Larry Feinsmith, managing director at JP Morgan Chase, told a keynote audience that the financial services firm has been using the open source storage and data analysis framework for close to three years now and is currently leveraging the technology for fraud detection, IT risk management, self service and other applications.
Chase still relies heavily on core relational database technologies for transaction processing, but uses Hadoop-based products for a growing number of tasks, Feinsmith said. Five out of seven Chase business units use Hadoop in some way, he added.
Hadoop's ability to store vast volumes of unstructured data has allowed Chase to collect and store weblogs, transaction data and social media data, Feinsmith said.
The company is aggregating the data into a common platform, and runs a range of customer-focused data mining and data analytics applications to utilize it, he said.
With over 150 petabytes of online storage, 30,000 databases and 3.5 billion logins to Chase user accounts, data is the lifeblood of the company, Feinsmith said.

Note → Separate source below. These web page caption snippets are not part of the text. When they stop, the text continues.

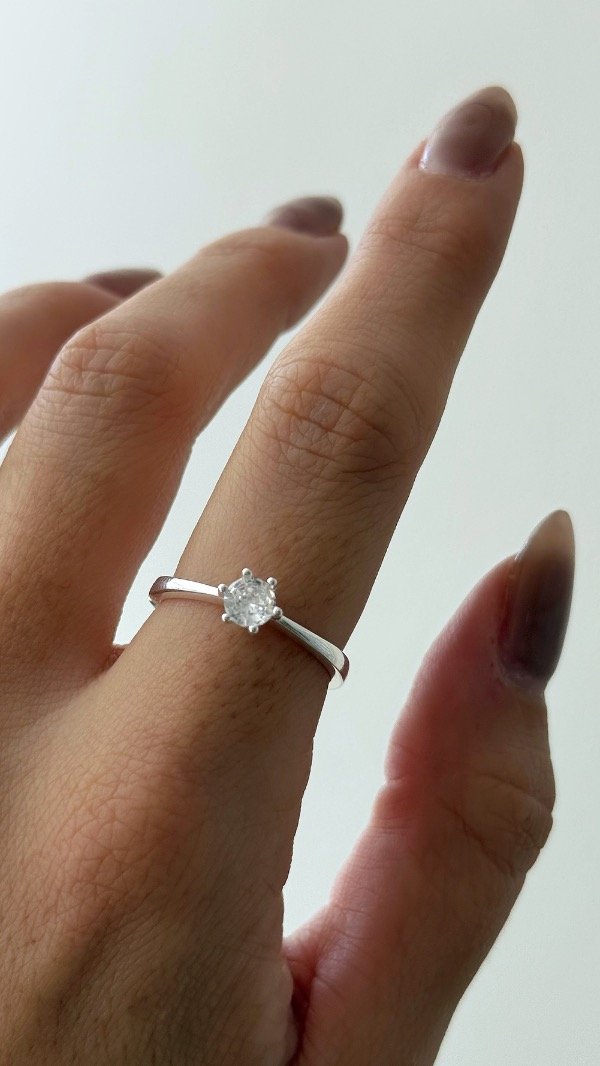 Producto - Anillo Miss canasta XL 19mm P925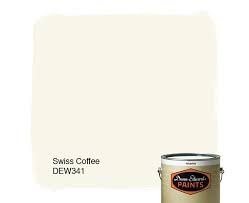 Swiss Coffee Dew341 Paint Color Dunn Edwards Paints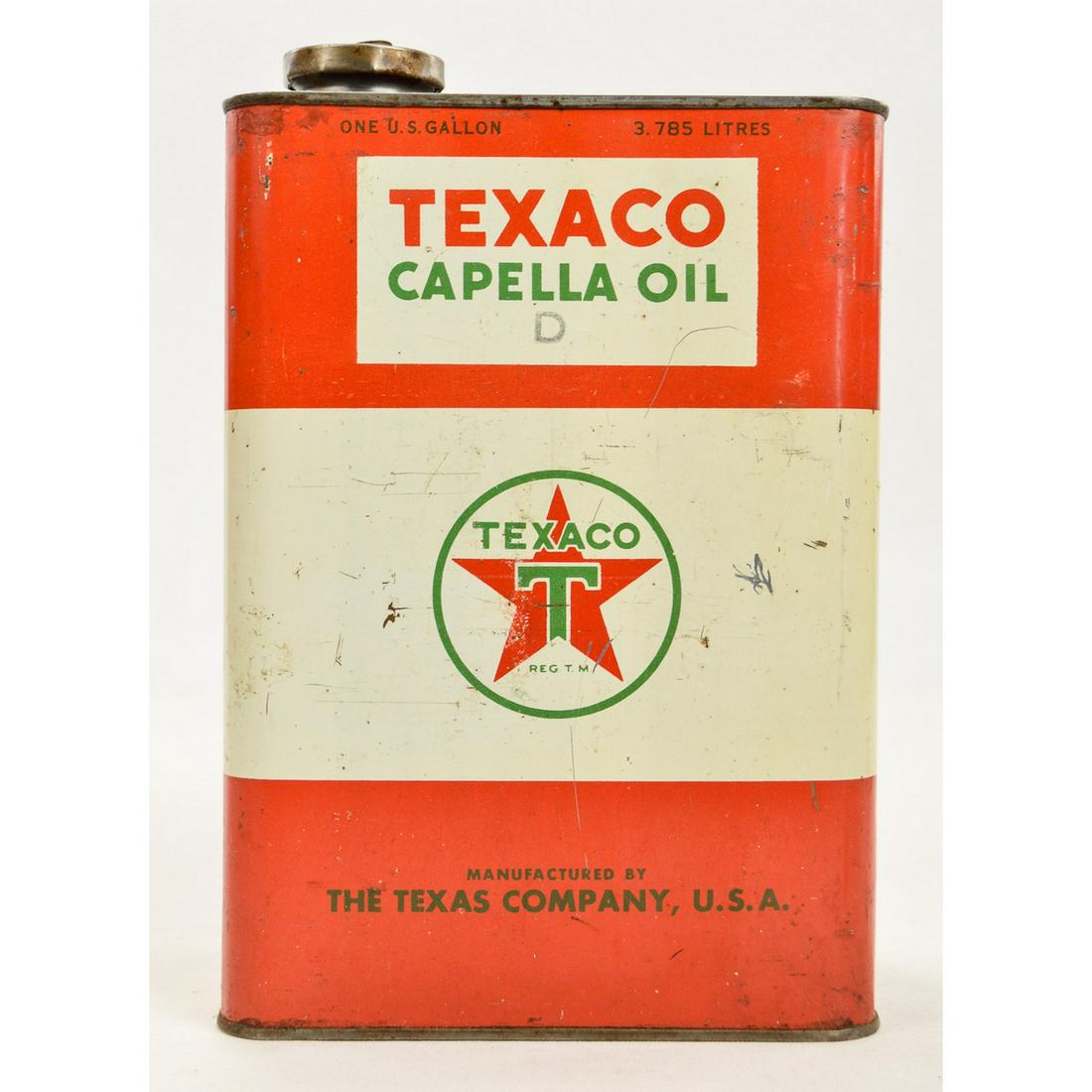 Texaco Oil Can (1 of 6)
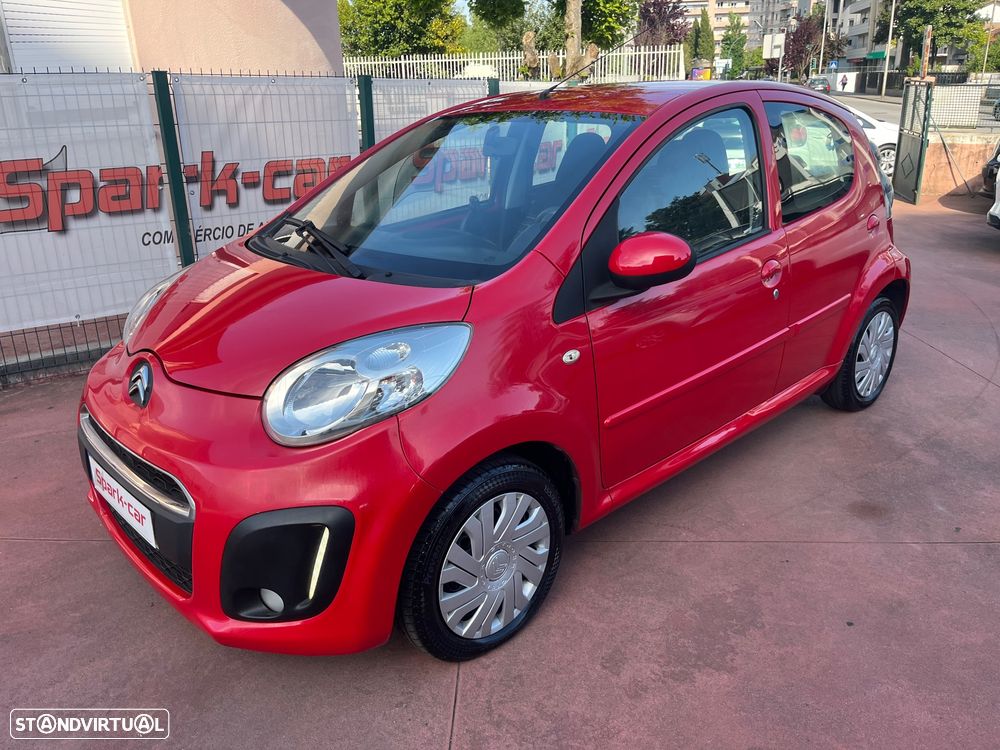 Citroën C1 1.0 Attraction - 1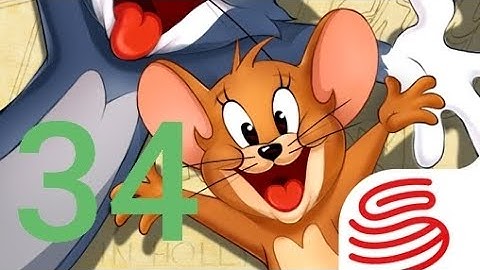 Tom and Jerry: Chase Gameplay Part 34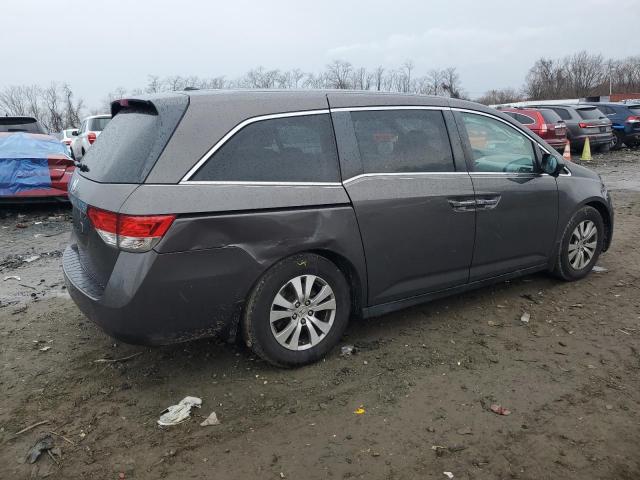 Image 3 of 2015 HONDA ODYSSEY EXL 2015 with VIN 5FNRL5H63FB041530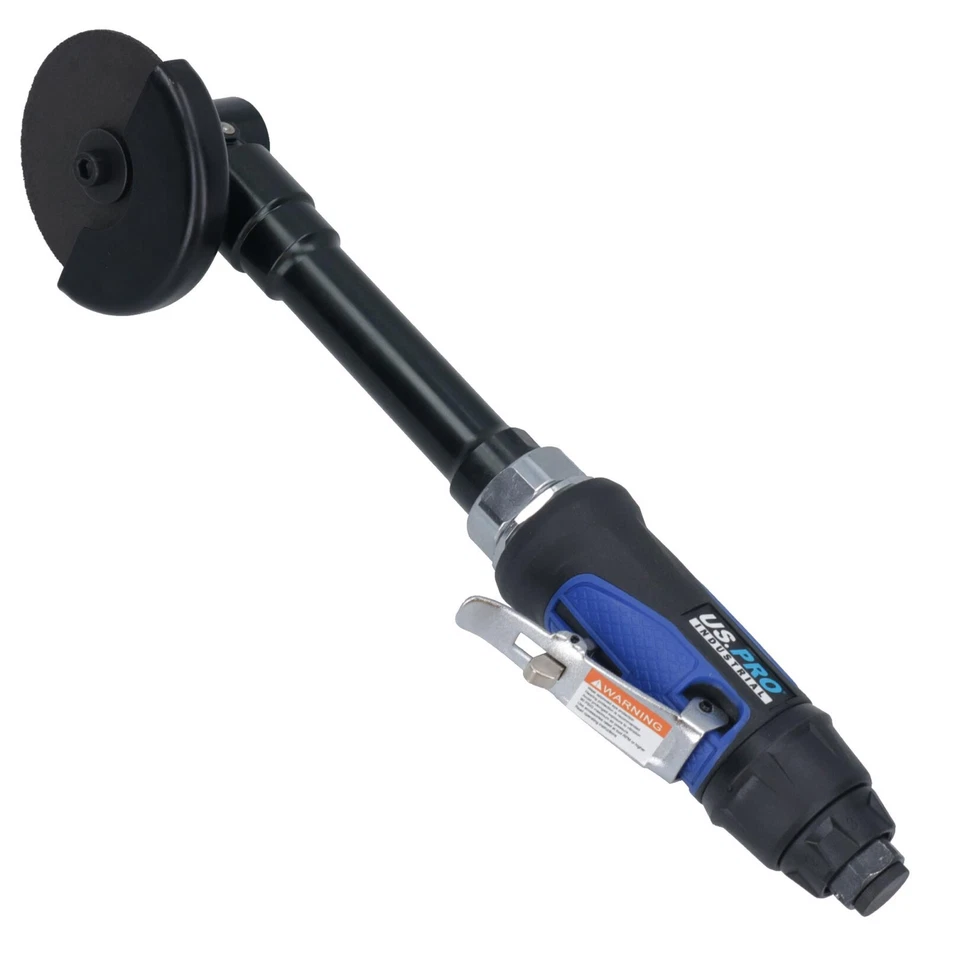 3in Extended Air Cut Off Cutting Tool Saw Cutter Long Reach 6in Shaft 18000 rpm - Image 4 of 4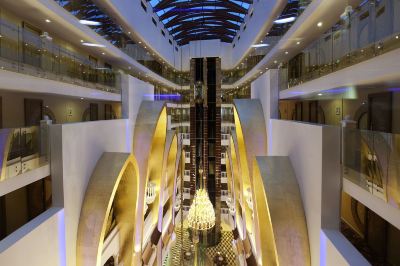 Public Areas Granada Luxury Resort Okurcalar - All Inclusive Photo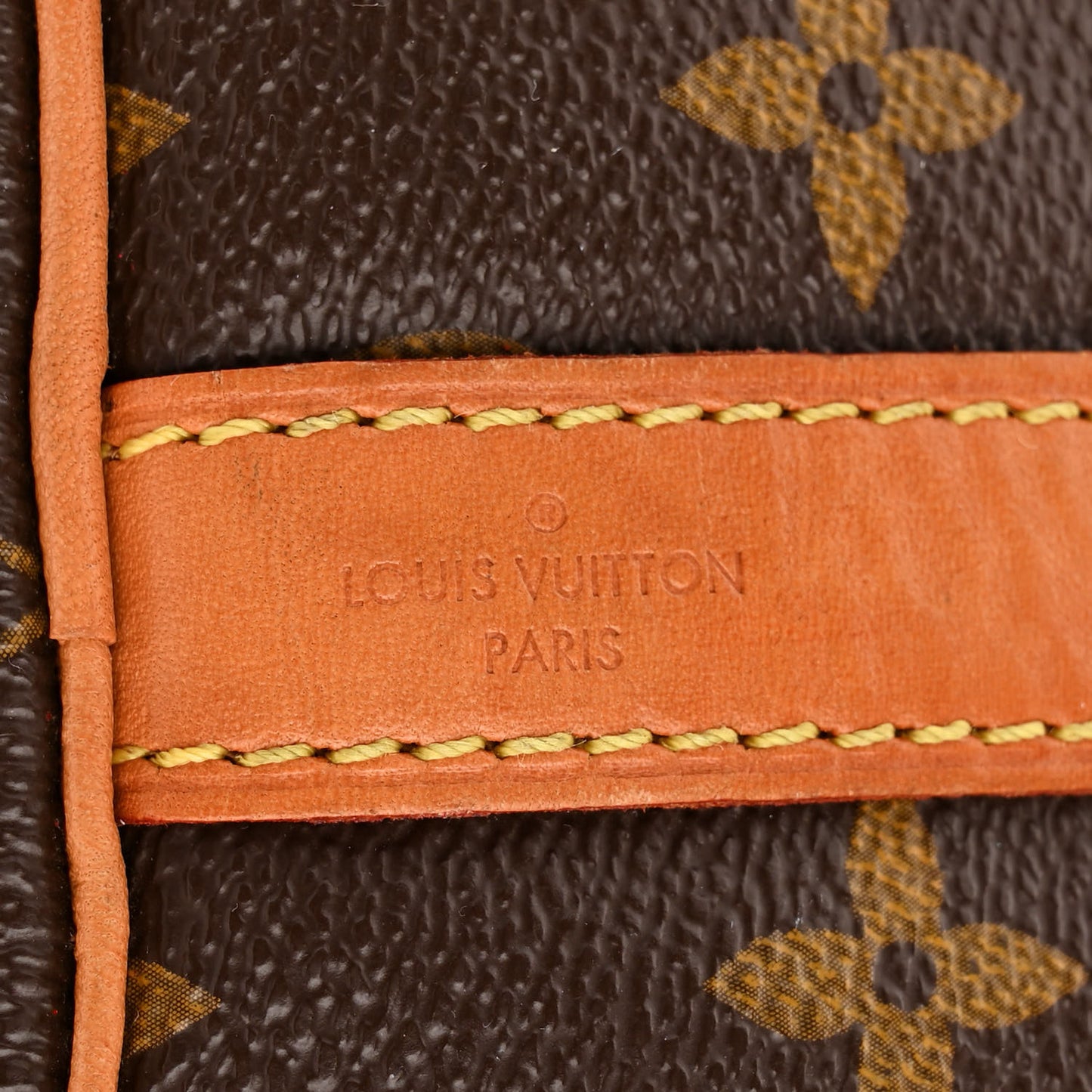Monogram Speedy Bandouliere 25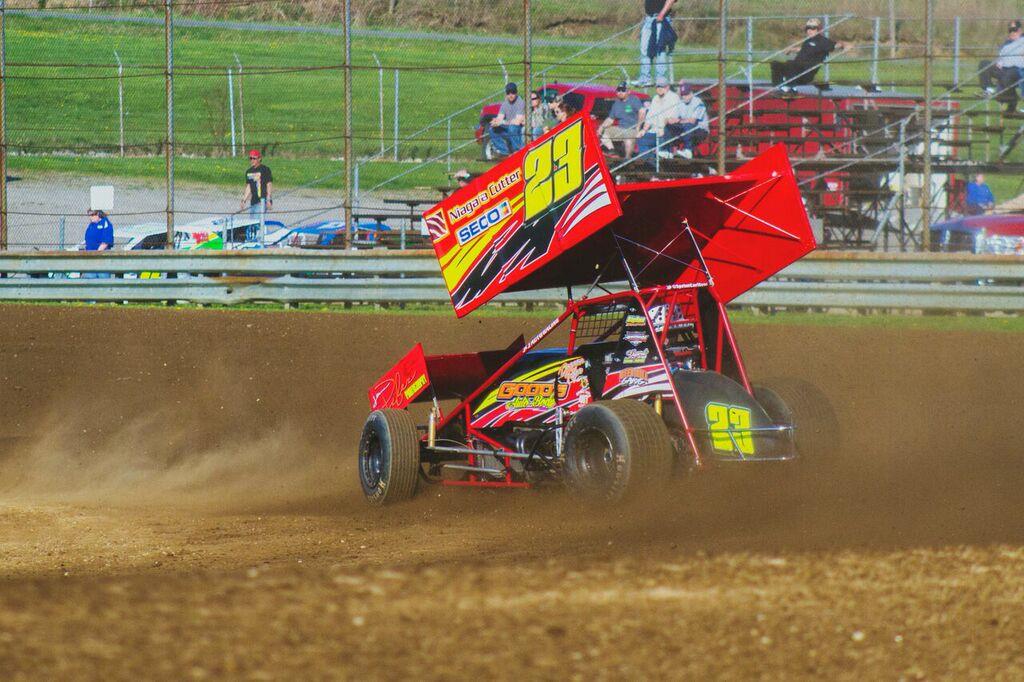 Pifer Looks to Revive Season After Bumpy Start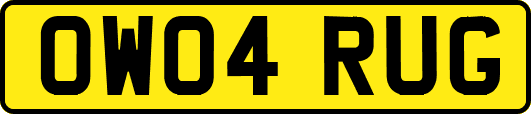 OW04RUG
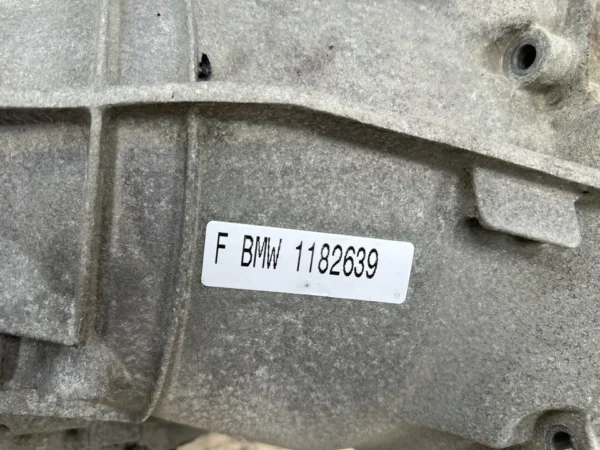 s-l960 (7) BMW E46 330CI 3.0L A5S 325Z-TU ZF Automatic Transmission Gear Box OEM 115K Miles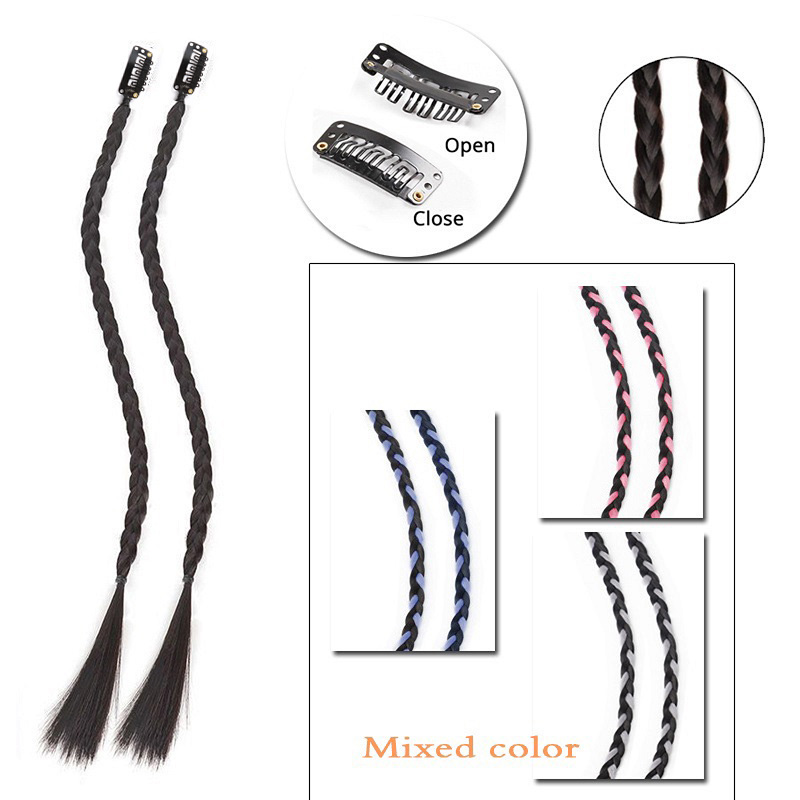 WIGSIN Synthetic 2pcs Braid Wi - Women Bags Pack ulasan dan harga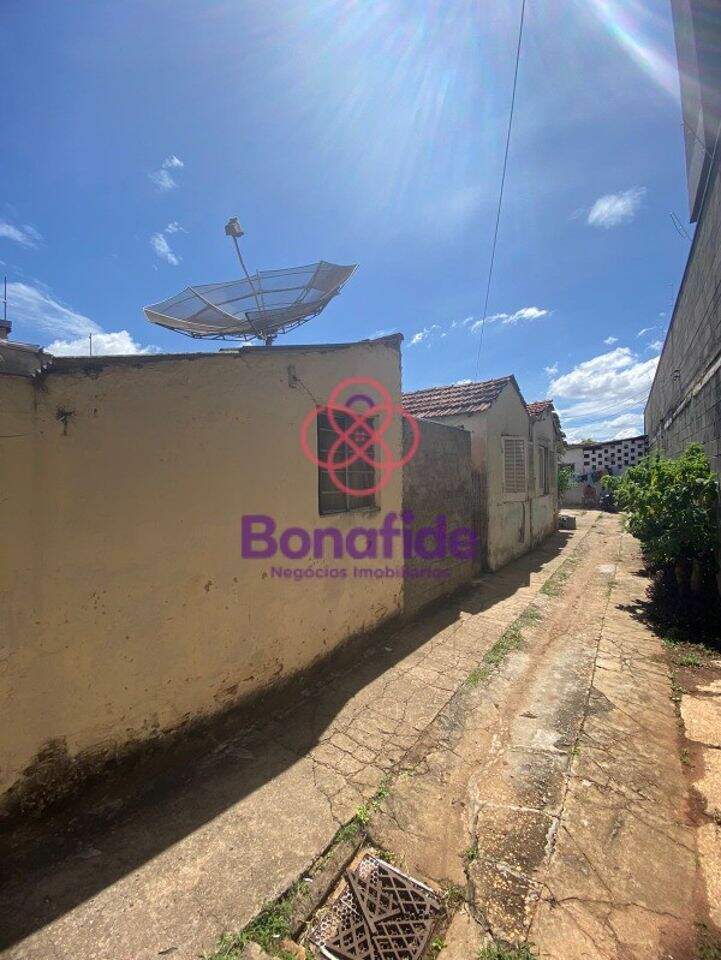 Terreno à venda no Anhangabaú: 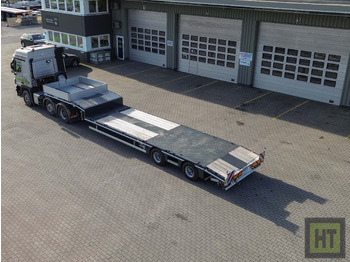 Semirremolque góndola rebajadas FAYMONVILLE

For the moment at least, relational database technologies appear to be more suited for running transaction applications, he said.
The big debate among technologists at the bank right now is whether incumbent relational database technologies will evolve to meet the bank's emerging big data needs, or Hadoop-based technology can become adept at transaction processing, Feinsmith said.
Hugh Williams, vice president of experience, search and platforms at eBay, said that the auction site is revamping its core search engine technology using Hadoop and Hbase, a technology that enables real-time analysis of data in Hadoop environments.
The new eBay search engine, code-named Cassini, will replace the Voyager technology that's been used since the early 2000s. The update is needed in part due to surging volumes of data that needs to be managed, Williams said.
Williams said that eBay currently has more than 97 million active buyers and sellers and over 200 million items across 50,000 categories for sale. The auction site handles close to 2 billion page views, 250 million search queries and tens of billions of database calls each day, he said.
The company has 9 petabytes of data stored on Hadoop and Teradata clusters, and the amount of data is growing quickly, he said
Hadoop and Hbase allow EBay to build a far more sophisticated search engine than Voyager. Cassini will deliver more accurate and more context-based results to user search queries, he said.
With more than 100 engineers assigned to Project Cassini full time, the development effort is one of the largest ever at EBay.